--- INFORMATION SHOWN Enclosed Below ---

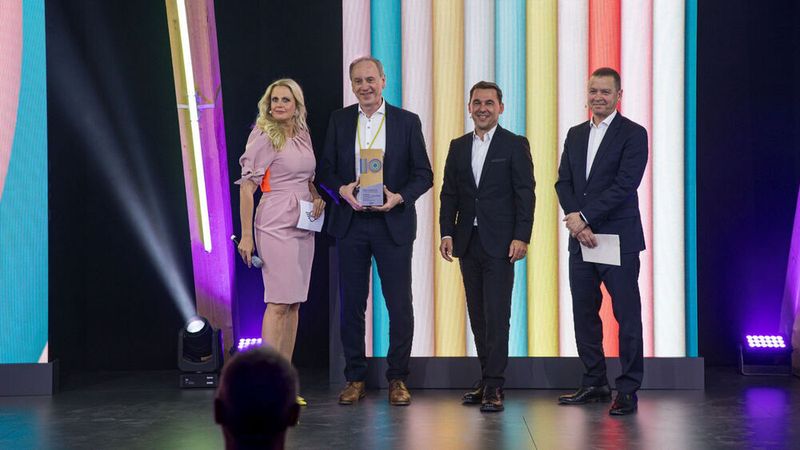 Sieger in der Kategorie „Best in Performance, Größenklasse M“ wurde das Autohaus Widmann und Winterholler, Thomas Grupp, Leiter Aftersales BMW Group Markt Deutschland und Sven Straub, Finanzgeschäftsführer Markt Deutschland gratulierten.  (Mini)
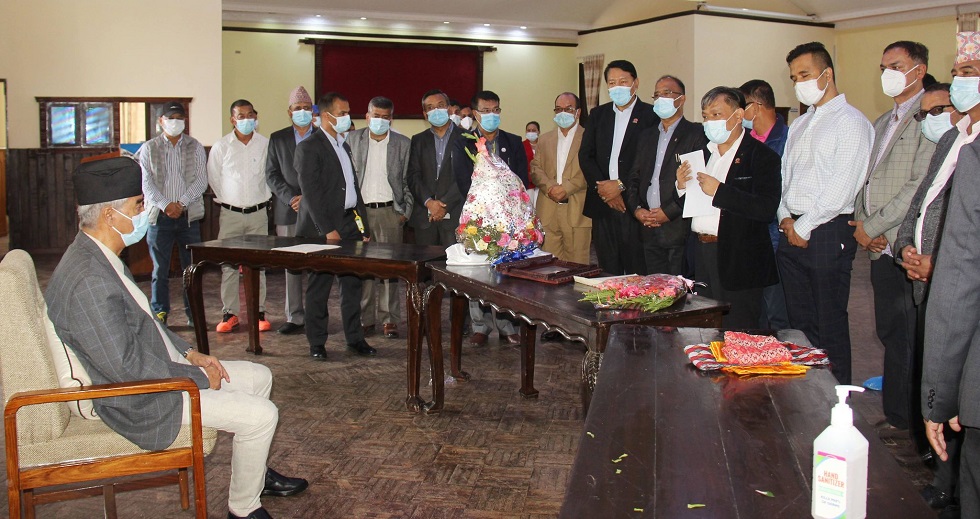 महामारीमा प्रभावित पाँच हजार आयोजनाको म्याद थप्न प्रधानमन्त्रीसमक्ष निर्माण व्यवसायीको माग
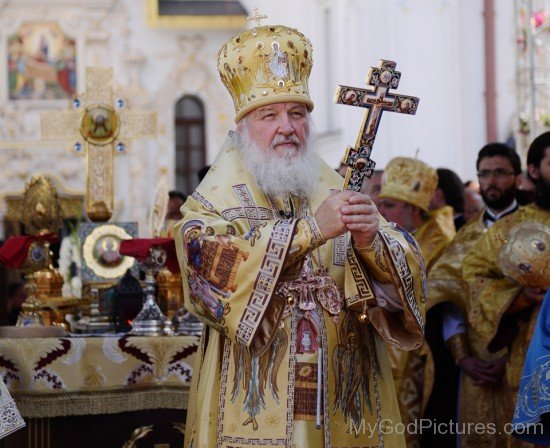 Kirill I Holding Cross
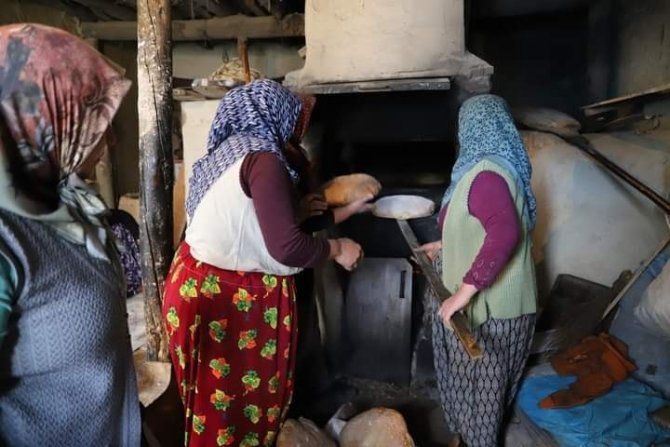 Uzun Süre Tok Tutan Afyon Ekmeği Deprem Bölgesine Gönderiliyor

--- End of Enclosed INFORMATION SHOWN ---

▶ [WHAT THE TASK ASKS] Please write out all of the data verbatim, with no pictures in the copy.

▶ [TASK RESPONSE]
 Sieger in der Kategorie „Best in Performance, Größenklasse M“ wurde das Autohaus Widmann und Winterholler, Thomas Grupp, Leiter Aftersales BMW Group Markt Deutschland und Sven Straub, Finanzgeschäftsführer Markt Deutschland gratulierten.  (Mini)
 महामारीमा प्रभावित पाँच हजार आयोजनाको म्याद थप्न प्रधानमन्त्रीसमक्ष निर्माण व्यवसायीको माग
 Kirill I Holding Cross
 Uzun Süre Tok Tutan Afyon Ekmeği Deprem Bölgesine Gönderiliyor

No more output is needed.